I was curious about where the fuck I was going with it, too.

It was a premise sans punch, so I went to a hack/stock/standby line that comics use when they aren't smart enough to write an original punchline and are simultaneously perfectly fine with lying in their act.

I said: "He looked so sad. And that made me feel really sad, too.... so I killed him. I mean, I didn't want my night ruined because of his miserable, lonely existence! Who's gonna miss that guy anyway?"

Since it's an obvious hack "surprise" reversal, it got a laugh and allowed me to punch out of the observation without complete silence. I felt a little guilty saying it, but I was in riff mode. I didn't even think about it afterwards. Needless to say, a comic with BHD accused me of stealing the punchline from him.

Are you kidding me!?

Here's a guy who preaches the importance of originality, trying to stamp a trademark on a notoriously canned punchline. Hell, they used it on "Friends!" 10 years ago! (One of the bitches: "Where's Joey?" Chandler: "Joey stole my gum. So I killed him. Is that wrong?")

I told him I was riffing and it's a bullshit, hacky way to dig out of a joke that hasn't been thought out well enough. I then opined, "The ending 'SO I KILLED/ STABBED/ SHOT HIM' has gotta be one of the most pat lines in all of comedy."

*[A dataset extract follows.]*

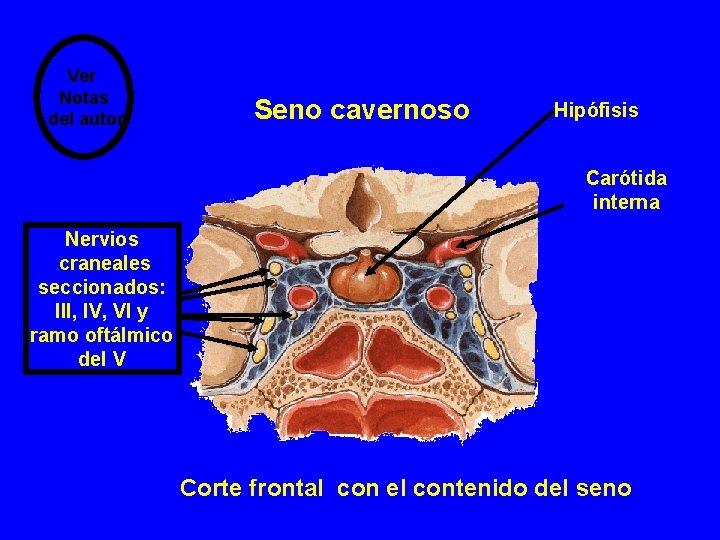 TEMA II Sistema Nervioso Meninges Vascularizacin Y Lquido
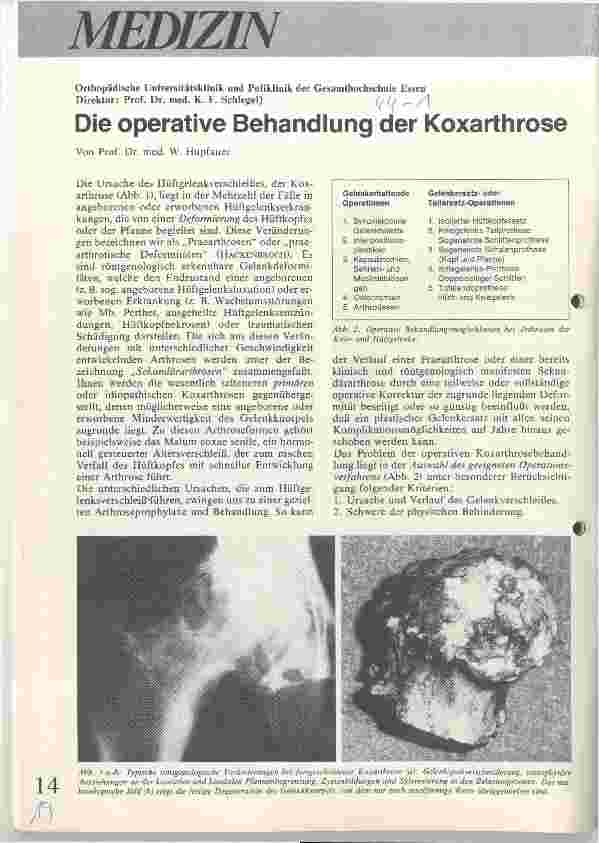 Vorschauseite 1: Die operative Behandlung der Koxarthrose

Since this guy is a loudmouth who throws his weight around like he's in the mafia and suffers from a severe case of BHD simplex 2, I think he was a little gobsmacked by my response. Despite my hairless chest and baby fuzz facial growth, I'm no shrinking violet. It's probably going to get my ass kicked, but I can't help it. I watched my passive, "turn the other cheek" Christian father get treated poorly and talked down to as a lowly government worker my whole life until he developed chronic ulcers as a result. Fuck me if I'm going to let some comic make me "sir yes sir" him just because he named his dog after Lenny Bruce.

I find that it's always the unoriginal, hacky comics who think they are re-inventing comedy. They are also the ones who scream "hack" and are convinced that people are stealing their jokes. It's one of life's great ironies - like the prudish-looking bespectacled special needs schoolteacher who likes being cornhole-fisted and has more sexual fetishes than the Google search result for "how to make your dick bigger." (1,700,435)

He can keep his "so I killed him" ending and try to patent it for all I care. It's a classic cop-out escape route used in case of emergency when creativity fails.

What's more, it's a lie. I mean, it is!

This comic isn't trolling around dive comedy clubs with his 16 ounce bottle of fucking Poland Springs water 7 nights a week to cover for his other life as a mass murderer. You aren't fucking "Dexter," you ponce! YOU'RE A FUCKING COMIC!

The tough guy routine in comics makes me laugh. I don't know how any of them get away with it. We're not roughnecks covered in muscle. We're vulnerable people covered in labia. We're all pussies, and we're all deluded about the fact that we're anything other than that. Myself included.

That being said, I wouldn't fuck with Joe Rogan.

Anyway, I don't like to lie onstage. I embellish, I riff, I stereotype, I overact, I theorize, but I try not to lie. I DID throw off my jacket to fight and chapstick really did fall out of my jacket. I DID get potentially blown by a shim in a wig (no, fuck that, it was a girl with cancer!). I DID have a girl tell me I looked like Ellen Degeneris. I WAS ordered to spoon every night for 4 years by my spooning-obsessed ex-girlfriend. I will probably propose to my future wife with the query "So... are you going to keep it?" or some variation thereof. And I have also taken some enormous dumps that have subsequently made me suffer existential angst.

I have never, however, KILLED somebody. I don't know a comic who has.

On that note, here is my attempt at a cute joke that is 100 percent a lie:

I had a date with an Eskimo. It was an awkward first date. We went clubbing. That's right. We went clubbing baby seals.* We Eskimo kissed when I took her back to her igloo after our date. We actually Eski-made out. She got so WET... on the inside of her nose.

I ended up getting to third base with her. I know that sounds like a pretty good first date, but actually, THIS is third base for an Eskimo:

200px-Nose_picking_in_progress.jpg
It wasn't much fun... so I killed her!